## Try it
Reproduce word for word every line from the one containing "tavita-portbagaj-mercedes-cls-c257-premium Tavita portbagaj" to the final line of the data below; omit the pictures.

## Exercise material
::::::::::

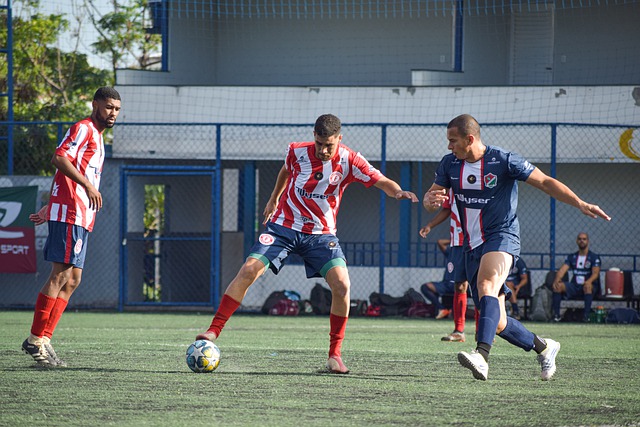 紛紛在社交 紛紛在社交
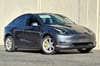 2 thumbnail image of  2023 Tesla Model Y Long Range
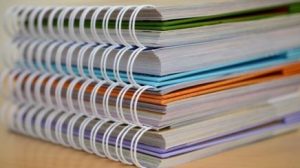 ISO 13485 Consultants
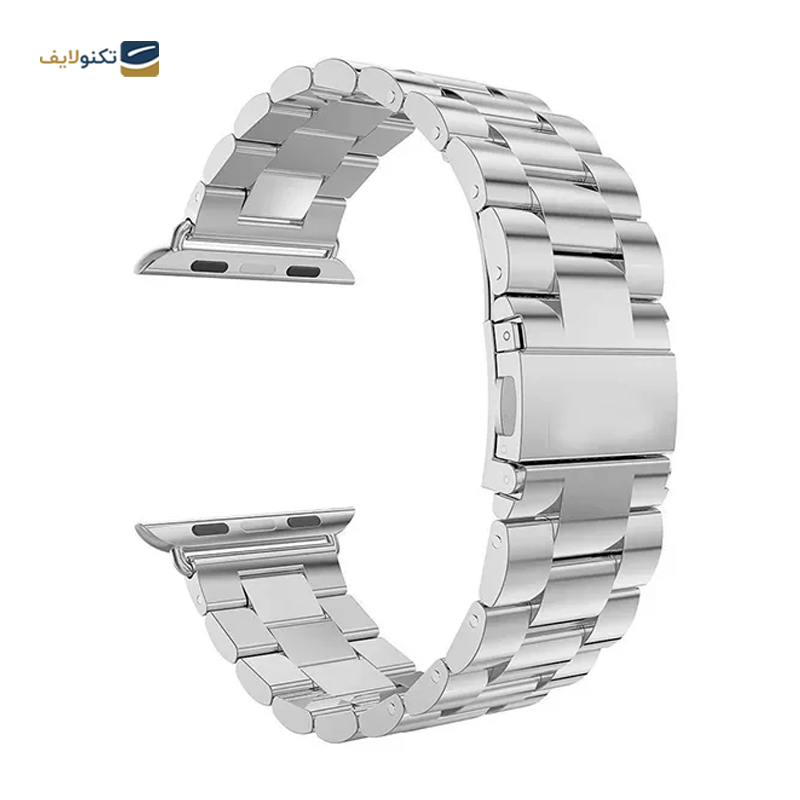 gallery-بند ساعت هوشمند اپل واچ 42/44/45/49 میلی متری مدل Ocean copy.png gallery-بند ساعت هوشمند اپل واچ 42/44/45/49 میلی متری مدل Ocean copy.png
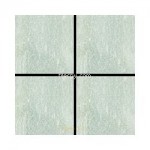 Vitreo 117 green Mosaic 31.6x31.6cm Trend GB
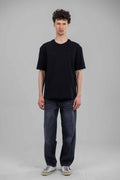Oversized Comfort Tee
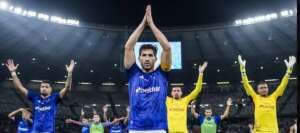 Cruzeiro agradece apoio da torcida. Veja fala de Seabra!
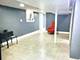 7248 S Wolcott, Chicago, IL 60636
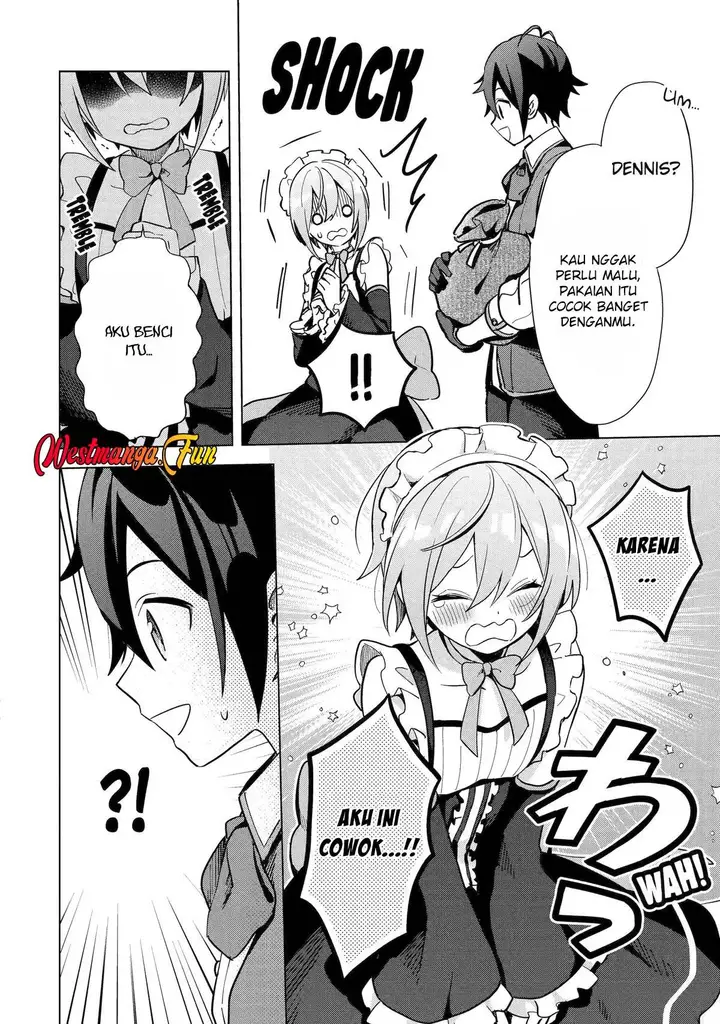 image-komik-saibai-cheat-de-saikyou-saien-e-tada-no-katei-saiendesu-kedo-chapter-5-12/62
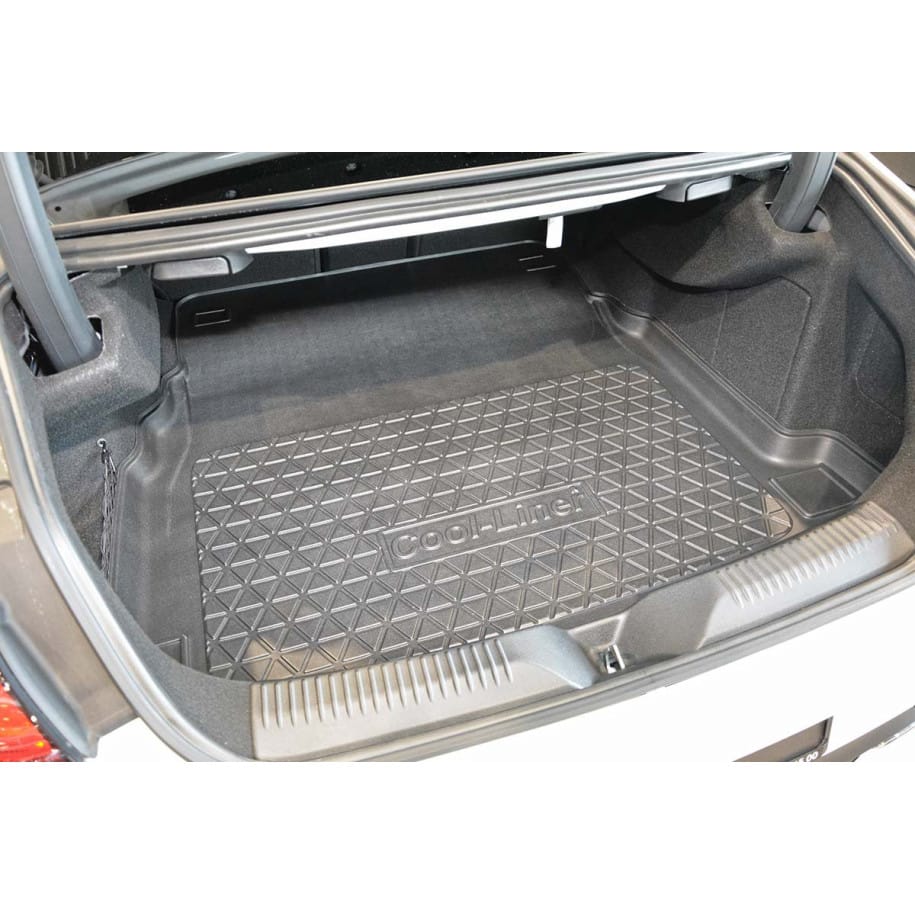 tavita-portbagaj-mercedes-cls-c257-premium Tavita portbagaj Mercedes CLS C257 Premium - imagine 1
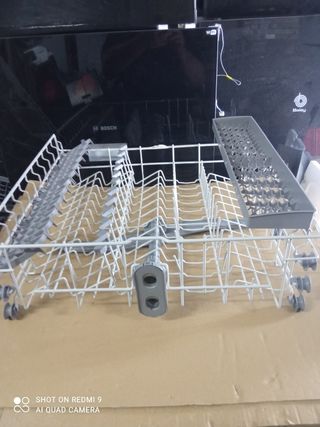 Cestelli per lavastoviglie BOSCH SIEMENS Balay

::::::::::

## Answer
 tavita-portbagaj-mercedes-cls-c257-premium Tavita portbagaj Mercedes CLS C257 Premium - imagine 1
 Cestelli per lavastoviglie BOSCH SIEMENS Balay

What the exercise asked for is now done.